Written by Jason Cook, MA, PHR
Manager, Talent Acquisition
at Kellogg Company

Jason Cook pictured with his sister Amanda in New York City.

Ask early and ask often!

The anxiety was palpable – one month until graduation and despite what seemed like thousands of job applications submitted, not one interview. Surely, the four years of experience I gained in the Air Force coupled with the bachelor's degree I would be receiving in four short weeks was every employer's perfect candidate, right? Why then could I not get an interview? It was at this point when I sought advice from someone I trust – my sister, Amanda, who is very accomplished and successful in business. Amanda helped me quickly realize that my one size fits all resume wasn't the right size for anyone. Amanda explained the importance of tailoring my resume toward the job I was applying. For example, a resume outlining my Security Forces experience in the Air Force, such as flight line security, might make it challenging for recruiters to see how those experiences aligned with the skills of the Human Resource roles I was applying to.

Photo of Jason Cook after graduating from Basic Training

Now that I had a good resume writing strategy (thanks Sis'!), I needed to put that approach to the test. As luck would have it, I soon found my target – a Labor Relations Specialist opportunity. Although I did not have previous Human Resource experience (nor had I worked with unions), the job posting mentioned manager and employee training; managing the grievance process (complaint resolution) and advising managers on policy interpretation – all things that I had related experience in. As a result, I created a resume that focused on the accomplishments and skills I gained while in the Air Force. Investigation, conflict resolution, and training facilitation became major sections of my resume and I provided a few bullet points of accomplishments and experiences for each. After several revisions and a once-over by Amanda, I ‘Aimed High' as they say in the Air Force and completed the application and submitted my resume. Several excruciating weeks passed without a call or email about the Labor Relations role. Although friends and family offered up the sage wisdom of ‘no news is good news' more often than I liked – they were right! I remember the exhilaration I felt after learning I was selected for a phone interview! I also remember thinking that I should have sought advice earlier and more often. My elation and critical self-reflection, however, was quickly replaced with anxiety. Did I oversell my ‘HR' experience and skills on my resume?

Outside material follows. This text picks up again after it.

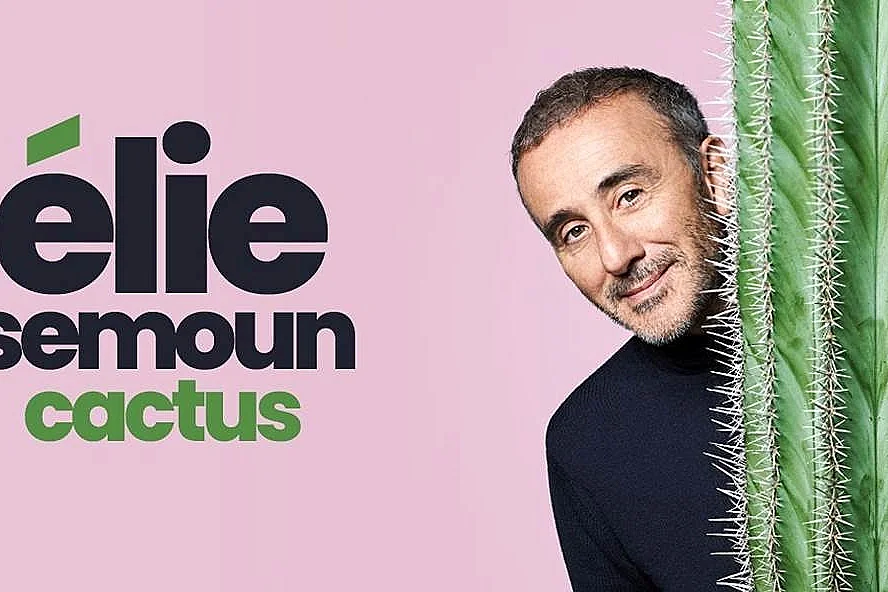 One man show : Elie Semoun - "Cactus"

"By failing to prepare, you are preparing to fail."
– Benjamin Franklin

To quell my fears, I began to prepare for the interview in earnest by researching the employer and learning all I could about their union representation and collective bargaining agreements via the employer website and many Google searches. I also did a deep dive into all things labor relations (also Google searches). Through my preparation, I was able to gain a better understanding of the role and what would be required, which allowed me then to think through what experiences and skills I had that were related to the Labor Relations role.

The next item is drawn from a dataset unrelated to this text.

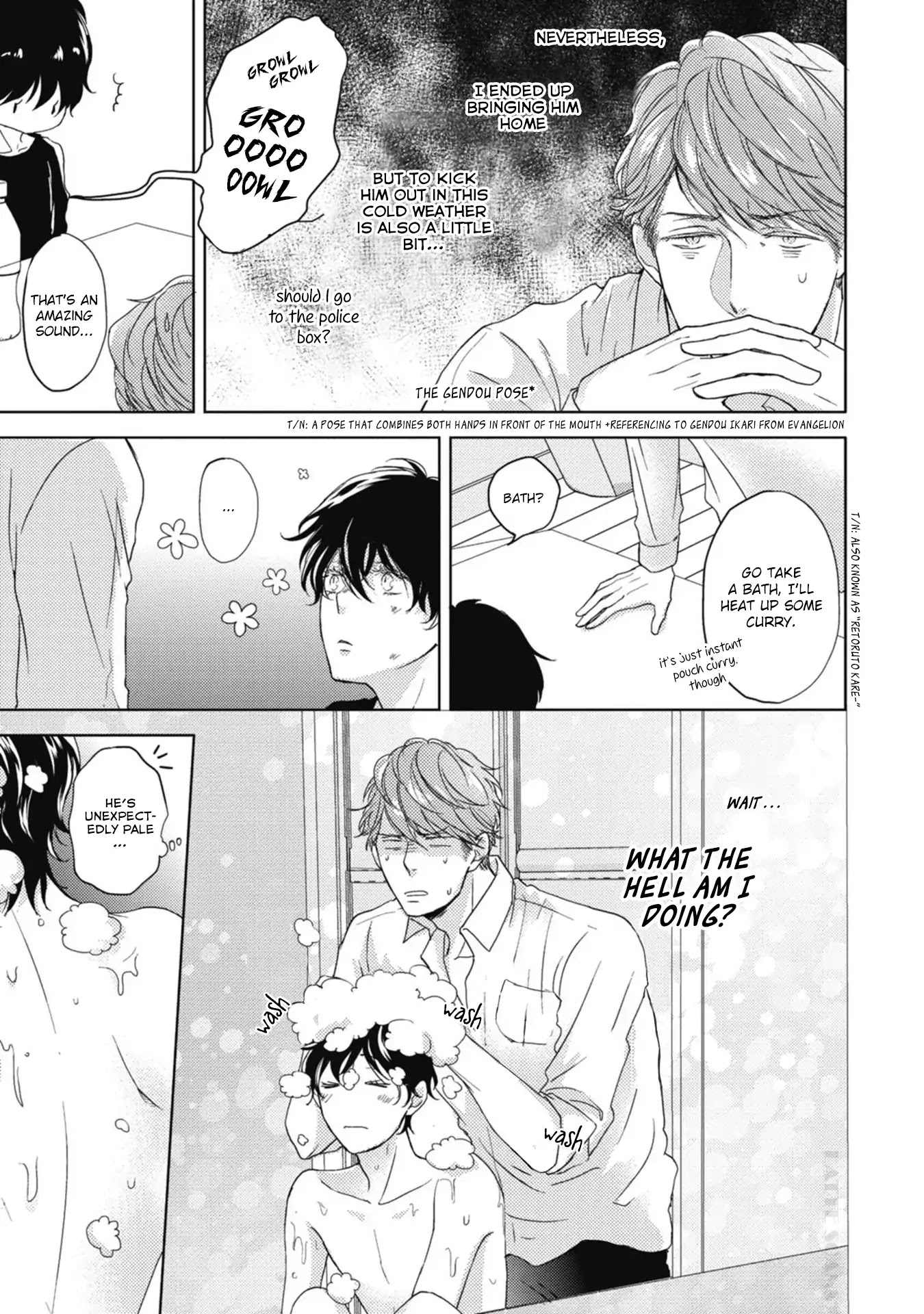 Neko to Spica Chapter 1 page 13 - Chapter 1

When the day finally arrived for the phone interview, I felt confident that I'd be able to explain how my previous Air Force experiences provided me with a foundation to be successful in the role – and I was right! The recruiter asked me to provide an overview of my experience and how I thought I was qualified for the role. Based on my copious research and thinking through how my skills and experiences were related, I was able to provide several examples that resonated with the recruiter. As a result, I was selected for an on-site panel interview with the manager and a couple of her peers.

My approach to the panel interview was the same – prepare, prepare, prepare. In addition to reviewing the research I had already completed, I searched online for common interview questions and began to rehearse responses. Ultimately, I was offered the role!

Networking + Gaining Experience = Increased Opportunity

Although I landed a job right away after modifying my approach, I know that rarely happens. So what else can you do while you are seeking a new opportunity? I recommend gaining experience where you can, whether that be through internships, volunteering or becoming an active member of an industry group. Also, leverage your networks to assist in making new connections that might ultimately lead to a new opportunity. If you do not have a LinkedIn account, create one - it's a great networking tool! And don't forget your favorite know-it-all friend, Google!

I'm the type of guy who thinks in formulas and processes, and the header title says it all. Determination coupled with intentional networking and a hunger for gaining experience (no matter how big or small – as long as it's relevant) is the best formula I can recommend.